Explanation : Given,

Mass of
`CaO` = 32 g

Mass of
`H_2O` = 14 g

Molar mass of
`CaO` = 56 g/mol

Molar mass of
`H_2O` = 18 g/mol

First we have to calculate the moles of
`CaO` and
`H_2O`.

`\text{Moles of }CaO=\frac{\text{Given mass }CaO}{\text{Molar mass }CaO}`

`\text{Moles of }CaO=(32g)/(56g/mol)=0.571mol`

and,

`\text{Moles of }H_2O=\frac{\text{Given mass }H_2O}{\text{Molar mass }H_2O}`

`\text{Moles of }H_2O=(14g)/(18g/mol)=0.777mol`

Now we have to calculate the limiting and excess reagent.

The balanced chemical equation is:

`CaO(s)+H_2O(l)\rightarrow Ca(OH)_2(aq)+Heat`

From the balanced reaction we conclude that

As, 1 mole of
`CaO` react with 1 mole of
`H_2O`

So, 0.571 moles of
`CaO` react with 0.571 moles of
`H_2O`

From this we conclude that,
`H_2O` is an excess reagent because the given moles are greater than the required moles and
`CaO` is a limiting reagent and it limits the formation of product.

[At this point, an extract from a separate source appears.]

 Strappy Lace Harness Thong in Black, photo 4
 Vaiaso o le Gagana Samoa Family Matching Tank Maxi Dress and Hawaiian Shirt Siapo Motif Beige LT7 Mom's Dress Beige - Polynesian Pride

Now we have to calculate the moles of
`Ca(OH)_2`

From the reaction, we conclude that

As, 1 mole of
`CaO` react to give 1 mole of
`Ca(OH)_2`

So, 0.571 mole of
`CaO` react to give 0.571 mole of
`Ca(OH)_2`

Now we have to calculate the mass of
`Ca(OH)_2`

`\text{ Mass of }Ca(OH)_2=\text{ Moles of }Ca(OH)_2* \text{ Molar mass of }Ca(OH)_2`

Molar mass of
`Ca(OH)_2` = 74 g/mole

`\text{ Mass of }Ca(OH)_2=(0.571moles)* (74g/mole)=42.2g`

Therefore, the mass of
`Ca(OH)_2` produced is, 42.2 grams.